▶ **Information supplied**:
□ □ □ □ □ □ □
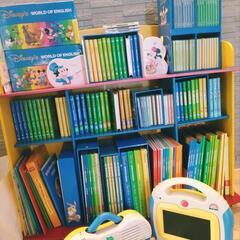 Disney 絵本ラック*英語学習教材セット Disney 絵本ラック*英語学習教材セット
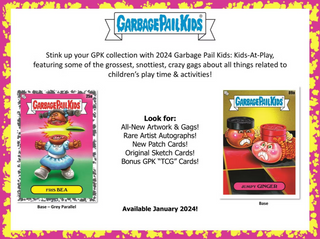 2024 Topps Garbage Pail Kids Kids-At-Play Collector Edition Box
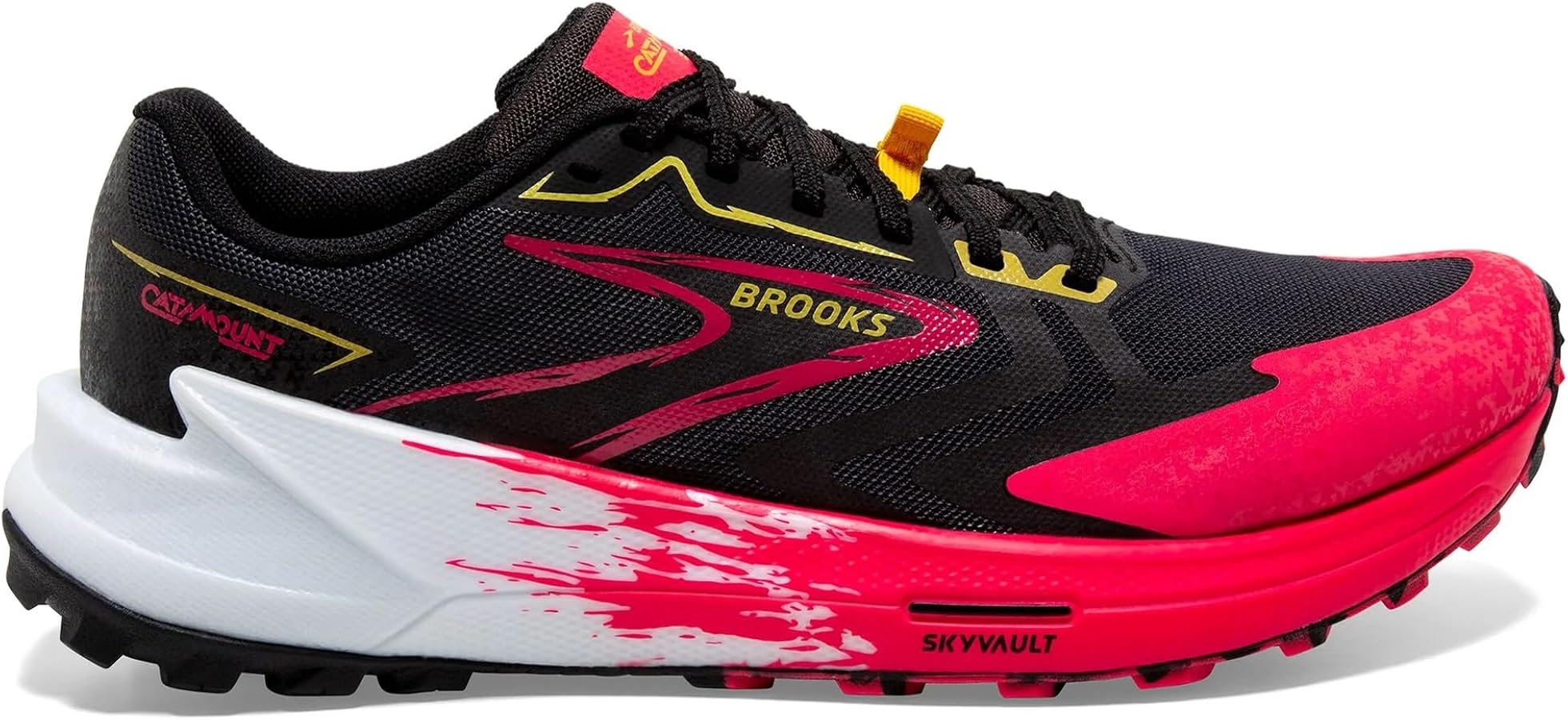 Amazon.com | Brooks Women's Catamount 3 Trail Running Shoe - Black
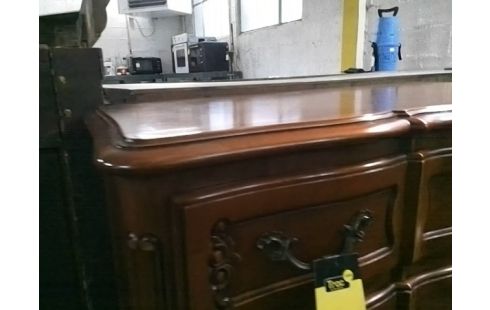 COMMODE 3T STYLE LOUIX XV MERISIER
□ □ □ □ □ □ □
The expected output is exactly the lines from the one containing "Amazon.com | Brooks" through the last line of the listing, both included, with every picture left out.

 Amazon.com | Brooks Women's Catamount 3 Trail Running Shoe - Black
 COMMODE 3T STYLE LOUIX XV MERISIER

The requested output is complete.